To do. Please return the data word for word and leave out any picture it contains.

Available data.
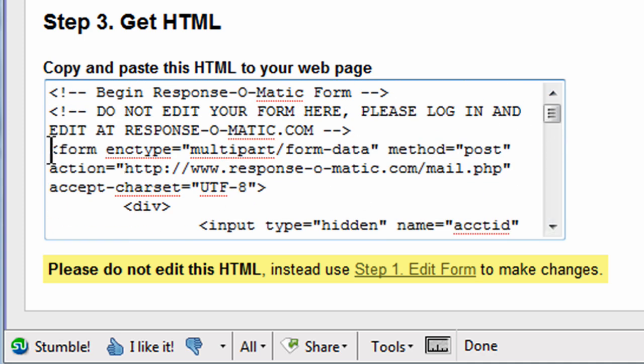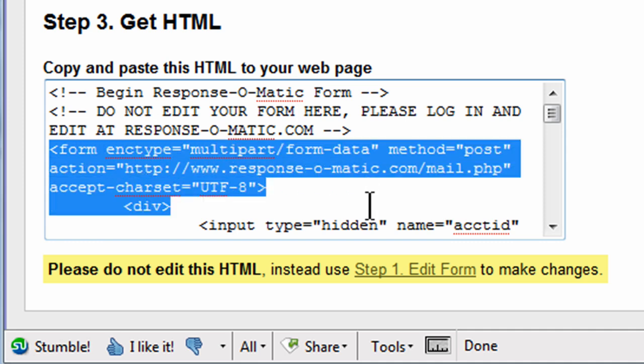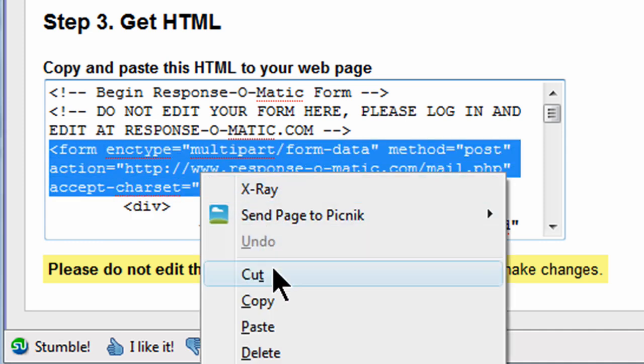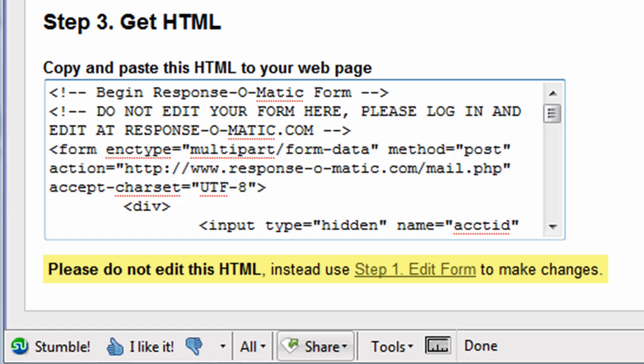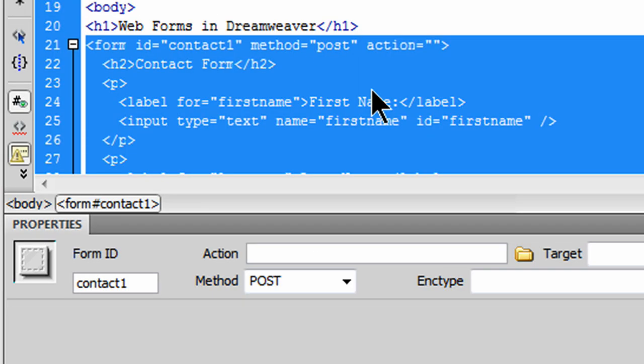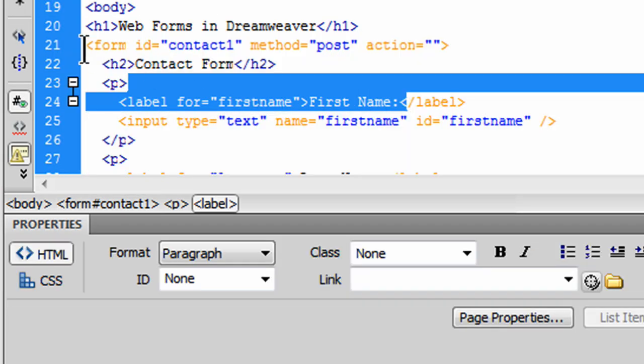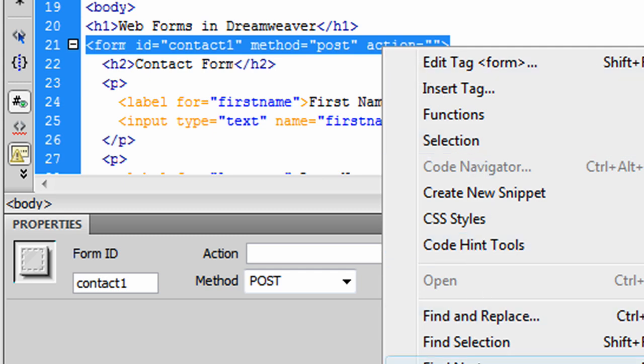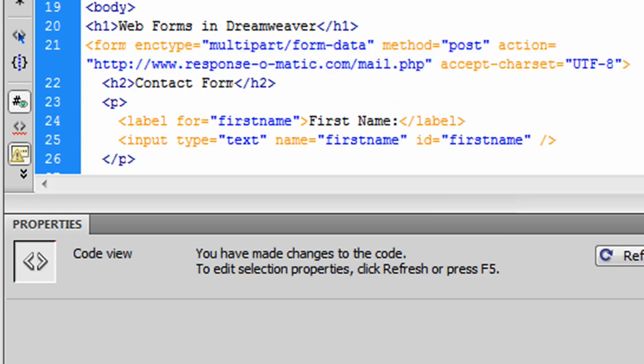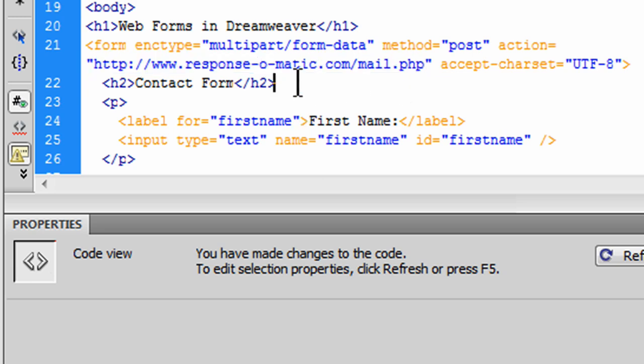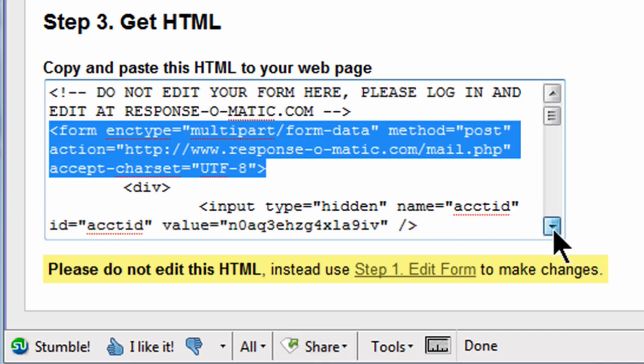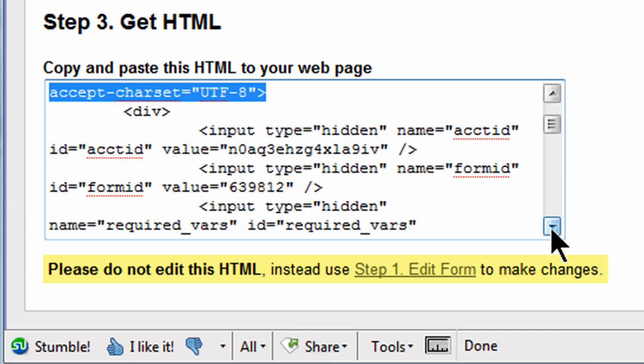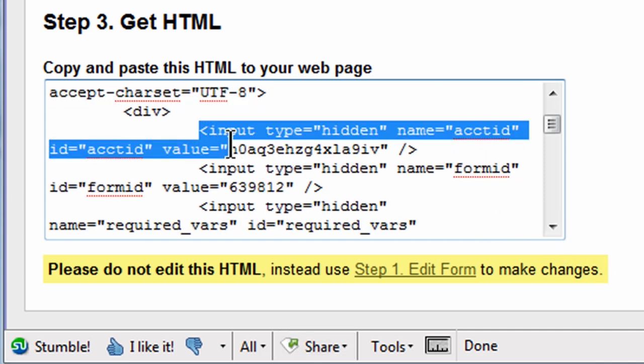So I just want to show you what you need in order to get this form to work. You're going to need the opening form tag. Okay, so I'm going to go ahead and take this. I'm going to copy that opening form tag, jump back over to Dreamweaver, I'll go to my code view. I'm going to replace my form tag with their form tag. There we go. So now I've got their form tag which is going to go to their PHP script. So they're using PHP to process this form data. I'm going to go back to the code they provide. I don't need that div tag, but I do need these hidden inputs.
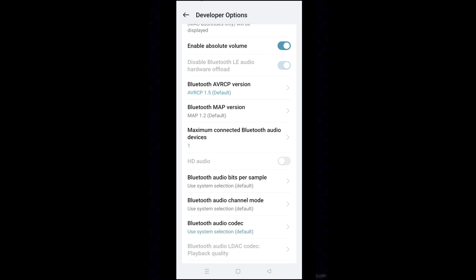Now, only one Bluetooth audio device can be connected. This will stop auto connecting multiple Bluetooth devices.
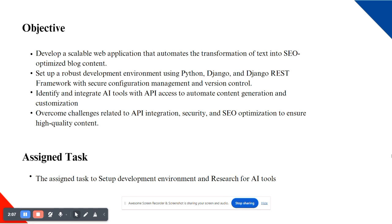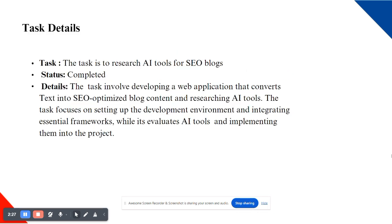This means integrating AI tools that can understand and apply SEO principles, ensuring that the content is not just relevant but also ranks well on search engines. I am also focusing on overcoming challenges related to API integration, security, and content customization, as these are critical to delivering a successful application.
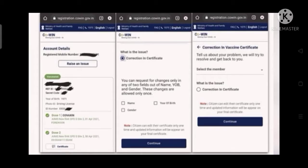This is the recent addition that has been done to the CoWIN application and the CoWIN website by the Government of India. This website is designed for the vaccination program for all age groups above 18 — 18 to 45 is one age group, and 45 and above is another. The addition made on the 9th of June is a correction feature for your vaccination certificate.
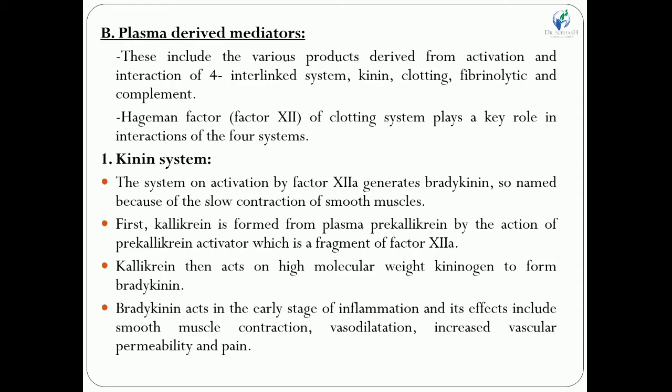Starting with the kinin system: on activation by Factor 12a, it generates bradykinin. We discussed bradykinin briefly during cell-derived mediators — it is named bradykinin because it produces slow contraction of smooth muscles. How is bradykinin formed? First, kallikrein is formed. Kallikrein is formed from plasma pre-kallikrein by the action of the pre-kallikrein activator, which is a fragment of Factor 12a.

Answer for this exercise.
So I just want to show you what you need in order to get this form to work. You're going to need the opening form tag. Okay, so I'm going to go ahead and take this. I'm going to copy that opening form tag, jump back over to Dreamweaver, I'll go to my code view. I'm going to replace my form tag with their form tag. There we go. So now I've got their form tag which is going to go to their PHP script. So they're using PHP to process this form data. I'm going to go back to the code they provide. I don't need that div tag, but I do need these hidden inputs.
Now, only one Bluetooth audio device can be connected. This will stop auto connecting multiple Bluetooth devices.
This means integrating AI tools that can understand and apply SEO principles, ensuring that the content is not just relevant but also ranks well on search engines. I am also focusing on overcoming challenges related to API integration, security, and content customization, as these are critical to delivering a successful application.
This is the recent addition that has been done to the CoWIN application and the CoWIN website by the Government of India. This website is designed for the vaccination program for all age groups above 18 — 18 to 45 is one age group, and 45 and above is another. The addition made on the 9th of June is a correction feature for your vaccination certificate.
Starting with the kinin system: on activation by Factor 12a, it generates bradykinin. We discussed bradykinin briefly during cell-derived mediators — it is named bradykinin because it produces slow contraction of smooth muscles. How is bradykinin formed? First, kallikrein is formed. Kallikrein is formed from plasma pre-kallikrein by the action of the pre-kallikrein activator, which is a fragment of Factor 12a.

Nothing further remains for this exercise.